Esta era la creencia básica de Mao y Deng Xiaoping: la grandeza de China es la de su pueblo. Por eso lo esencial no es la productividad sino la innovación. El alza de la productividad es una forma de medir la tasa de incremento de la innovación.

El “desarrollo de las fuerzas productivas” equivale a desatar todo el potencial de creatividad del pueblo chino. Había que despertar su pasión por crear riqueza, vivir mejor, y hacerlo con dignidad.

Deng Xiaoping percibe que el capitalismo no avanza por los descubrimientos científicos, sino por la energía de los emprendedores y su vocación de innovar. El progreso capitalista es una hazaña, un salto a lo desconocido.

En la “fase Xi Jinping” lo esencial no es la comercialización de los smartphones 5G el próximo año, o la disputa con EE.UU. por la inteligencia artificial, sino la incesante creación de empresas (más de 24 millones han surgido en los últimos 5 años).

Se ha desatado un segundo “milagro chino”, un extraordinario fenómeno de innovación de masas que la ha convertido en un gigantesco laboratorio de innovaciones y descubrimientos. Los grandes saltos tecnológicos – China es la prueba – ocurren solo dentro de olas masivas de innovación, impulsadas por la búsqueda de mayores ganancias en formas superiores de producción.

Deng Xiaoping no era un economista. Su experiencia surgía de su condición de comisario de la Larga Marcha (1934-1935) y mano derecha de Mao Tse Tung en el Partido y en el Estado. Era un político y un visionario. Lo único que sabía era lo esencial: había que despertar las inmensas potencialidades del pueblo chino, medida por el alza de la productividad.

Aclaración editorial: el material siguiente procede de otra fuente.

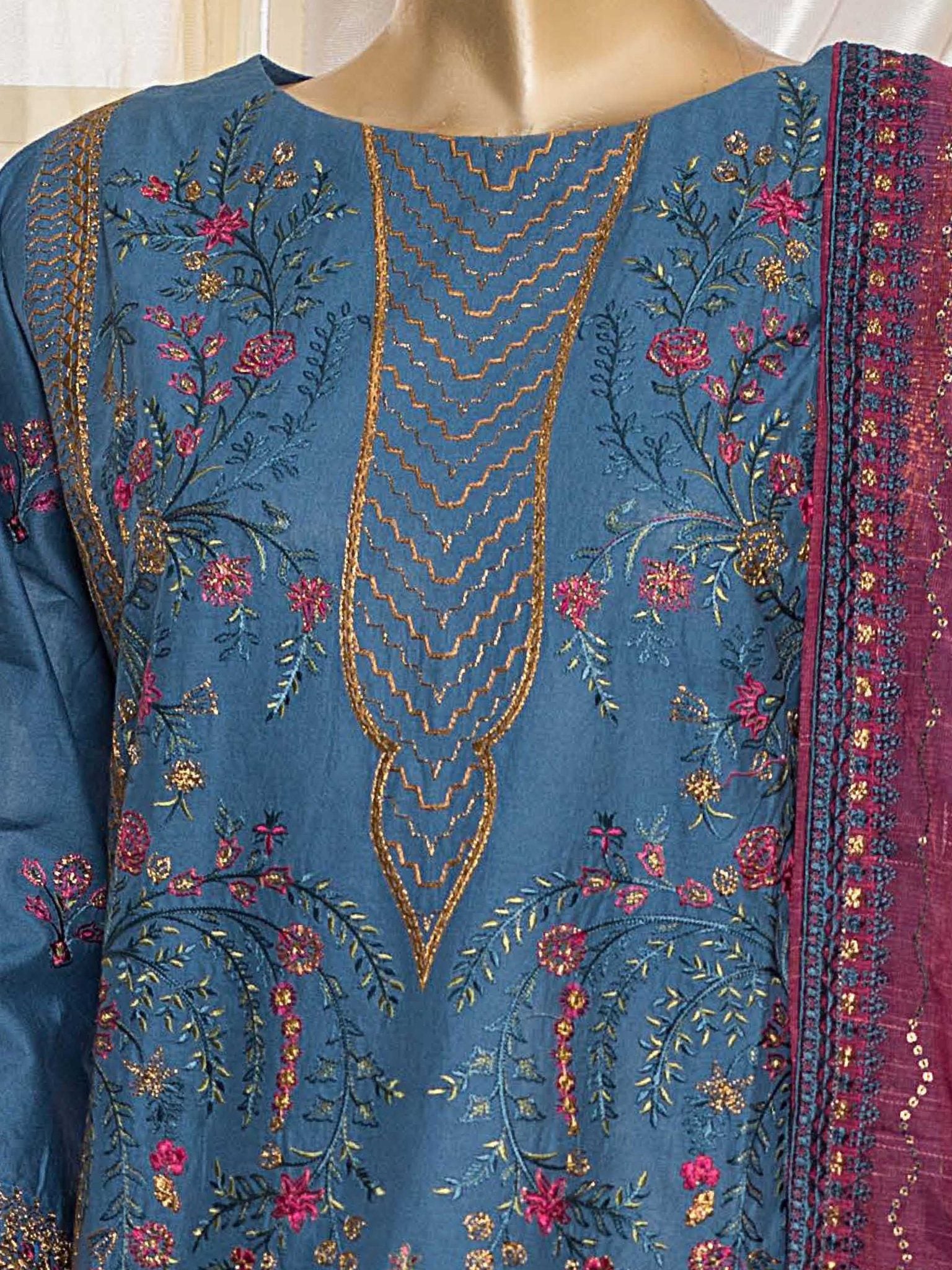 Bin Saeed Stitched 3 Piece Emb Chikankari Cotton Vol-02 Collection'2021-C-21-Blue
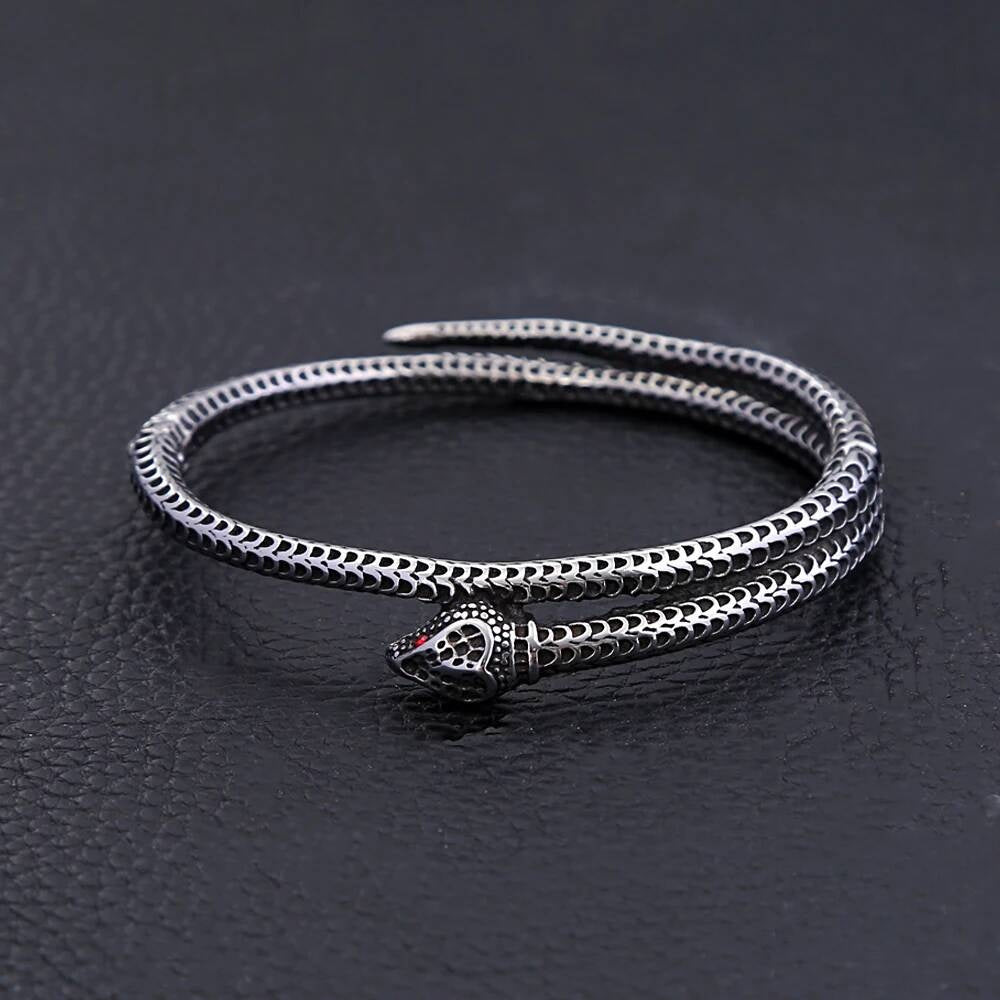 Snake Wrap Bracelet – Stainless Steel Serpent Bangle with Red Eyes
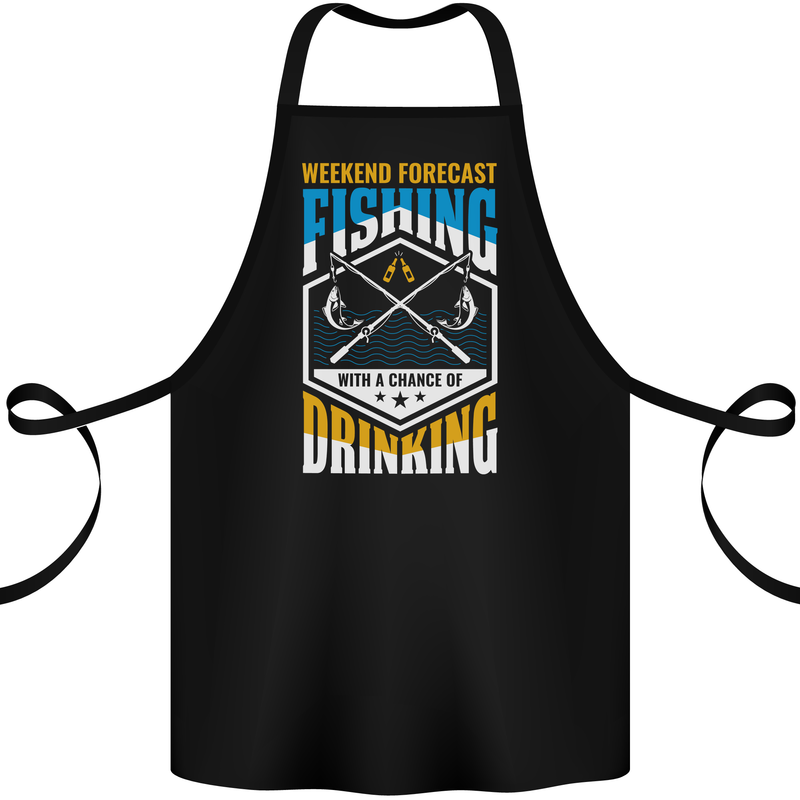 Weekend Fishing Funny Alcohol Beer Cotton Apron 100% Organic Black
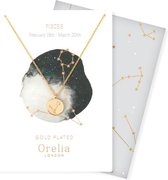 Orelia ketting kort met sterrenbeeld 'Vissen' goudkleurig met giftcard en envelop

Las high tech chinas, con Huawei a la cabeza, lanzan las smartphones de quinta generación (5G) en el primer semestre de 2019. La potencia de la 5G es 10/15 veces superior a la 4G; y esperan vender más de 40% de los 108.2 millones de unidades previstas para 2021 (+255% anual).

Eso no es lo fundamental. Lo decisivo es lo que revela el Índice de Innovación de China (CII) publicado por la Oficina de Estadísticas (NBS). Sostiene que alcanzó a 193.3 puntos en 2017, récord histórico (+6,8% anual), con 5 de sus principales indicadores trepando doble dígito: inversión per cápita en I&D, empresas volcadas a la I&D fundamental, patentes por cada 100 empresas de este tipo y 1.000 investigadores, entre otros.

Hay en China 4, 074 millones de investigadores high tech (+4% anual); y las patentes domésticas con estándares internacionales alcanzaron a 1.724 millones en 2017 (+5,6% por año). La ley de los grandes números indica que de aquí van a surgir un número proporcional de premios Nobel, de modo de competir con Estados Unidos también en este plano.

Esta semana se cumplieron 40 años del proceso de apertura y reformas de la República Popular, cuando Deng Xiaoping volcó el sistema al capitalismo.